Duterte’s colonized mind
On the surface, Rodrigo Duterte may seem to be the ultimate anticolonial president: a Third World leader lashing out at his former colonial masters, and the West at large. In the 2016 Asean Summit, he brought up the Bud Dajo massacre, and one year later, he would call on America to “give us back those Balangiga bells.” He has called out European nations for their hypocrisy, and he recently called Canadians “stupid,” accusing them of treating Filipinos “like garbage.”
Some might call him brave to speak to Western countries in such strong terms. But at his core, Mr. Duterte reveals himself to be a fully colonized subject.
In the first place, his anti-Americanism is not ideological, but personal. He was very offensive to Barack Obama, but deferential toward Donald Trump, even singing a song “upon the orders of the commander in chief of the United States.” On multiple occasions in the past, he brought up the denial of his application for a US visa, adding a personal bitterness insofar as the United States is concerned. His opposition to America, it seems, is not based on Uncle Sam’s historic wrongs, but based on his own experiences—and who is criticizing his war on drugs.
What makes his attitude worse, however, is that he borrows the same racist mindset that’s also part of the colonial legacy. He has, for instance, insulted blacks — i.e., describing Obama as “so very black and arrogant,” ridiculing the blackness of an American immigration officer, and even referring to a prosecutor of the International Criminal Court as “that black woman.” Instead of showing solidarity with other peoples of color, he seems to have acquired what Frantz Fanon calls “borrowed colonialism.”
Another evidence of Mr. Duterte’s colonized mind is the selectiveness of his posturing: While he talks tough against Western “imperialists,” he seems to have no problem with the imperialism affecting our very shores. “Realistically, we are no match against China,” he says — a statement that, regardless of its veracity, no thinking president of a proud nation would say. “I need China more than anybody else… I just simply love Jinping,” he said shortly before leaving for the Boao Forum.
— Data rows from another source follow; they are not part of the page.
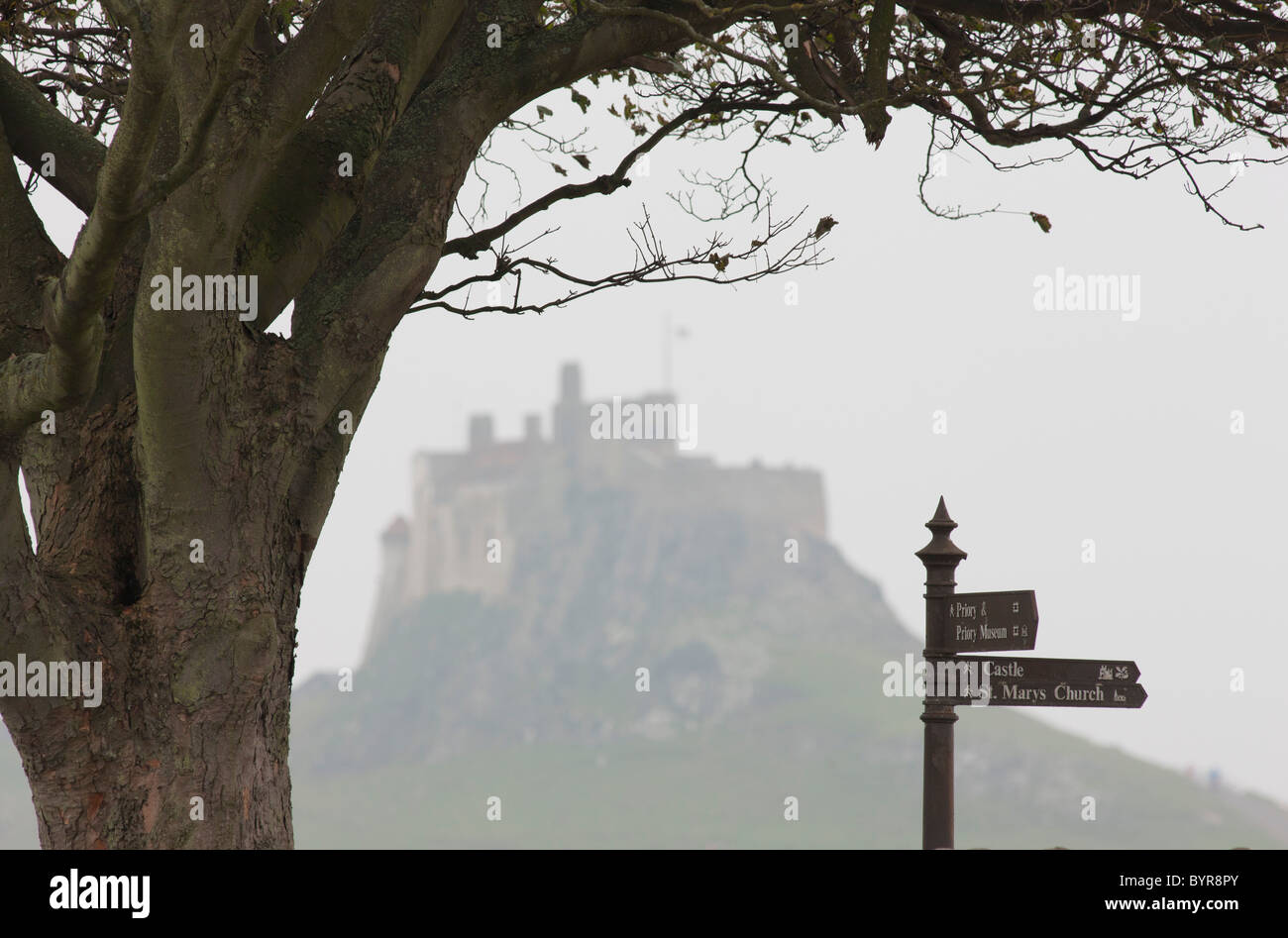 a landmark distance sign and lindisfarne castle; holy island, northumberland, england Stock Photo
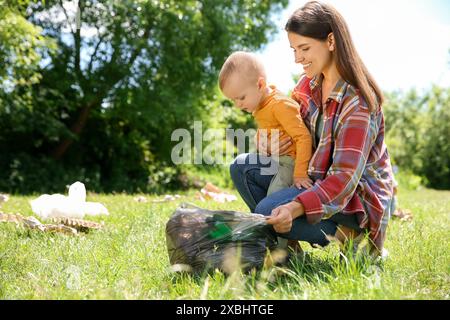 Mutter und Sohn mit Plastiktüte sammeln Müll im Park Stockfoto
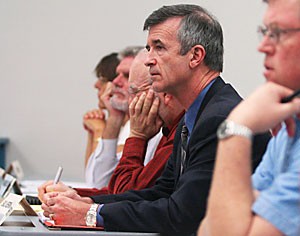 President Robert Shelton listens in on the Faculty Senate meeting yesterday afternoon in the James E. Rogers College of Law building.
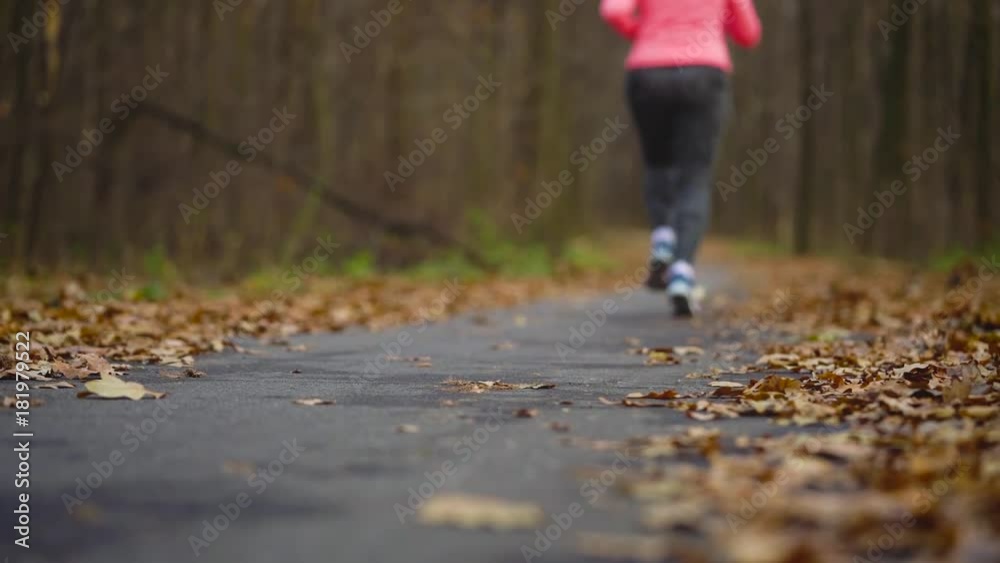 Close up of woman with headphones and smartphone running through an autumn forest at sunset. Slow motion Close up of woman with headphones and smartphone running through an autumn forest at sunset. Slow motion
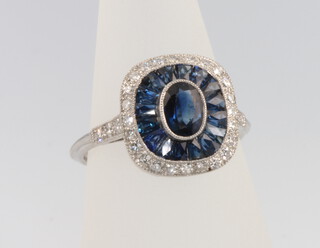 A platinum Art Deco style sapphire and diamond ring, the centre oval cut stone surrounded by calibre cut sapphires 1.7ct enclosed by brilliant cut diamonds 0.38ct, size L 1/2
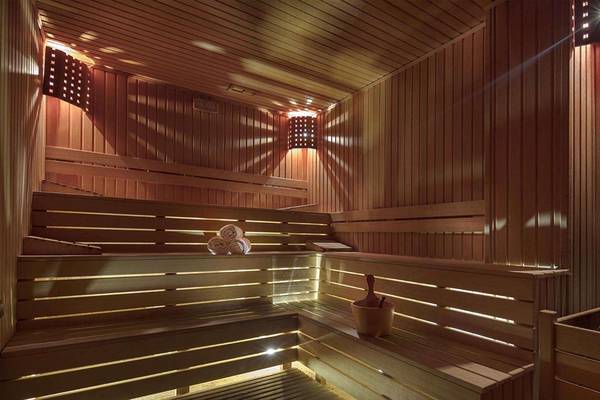 Sauna im Magic Life Belek Hotel mit Holzbänken, Handtüchern und Beleuchtung.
In addition to his fanboy diplomacy, he hits the European Union for having human rights preconditions attached to its aid (an understandable requisite because you don’t want to fund tyrants). Yet he welcomes Chinese loans: Note the big difference between aid which is free and a loan that the Filipino people must pay back — and with relatively high interest.
Based on his actions and words, his world view is that the world is made up of powerful and weak nations—and for the latter, geopolitics is about taking sides. This Cold-War-era thinking is reflected in his bizarre remarks about forming an Axis with China and Russia; it comes as no surprise that he once referred to Vladimir Putin as the “president of the Soviet Union.”
The President’s world view, no matter how flawed or erratic, holds opportunities. It is true, for instance, that as part of a multipolar world, the Philippines should pursue what he calls an “independent foreign policy.” United, Asean can be a significant economic and political force that can probably push our security interests more than a Trumpian, inward-looking America—or a Xi-Jinping-helmed, expansionist China.
But to seek new friendships does not mean ending old ones; contrary to how the President seems to view it, diplomacy is not a zero-sum game. In fact, given our shared experiences, we can use our colonial past to build ties with other formerly colonized nations. When Mr. Duterte went to Peru for the Apec Summit, I hoped that he would say something about our brotherhood with Latin America (we were once governed from Mexico and have so much in common with the Latinos); had he criticized American imperialism a la Eduardo Galeano, he may even have received warm applause. Instead, he met with Putin.
I guess it is asking for too much to expect an incoherent leader to have a coherent ideology. But the least he can do is to speak with dignity, as befitting the head of a sovereign, postcolonial nation.
Alas, the more he speaks, the more he reveals his colonized mind.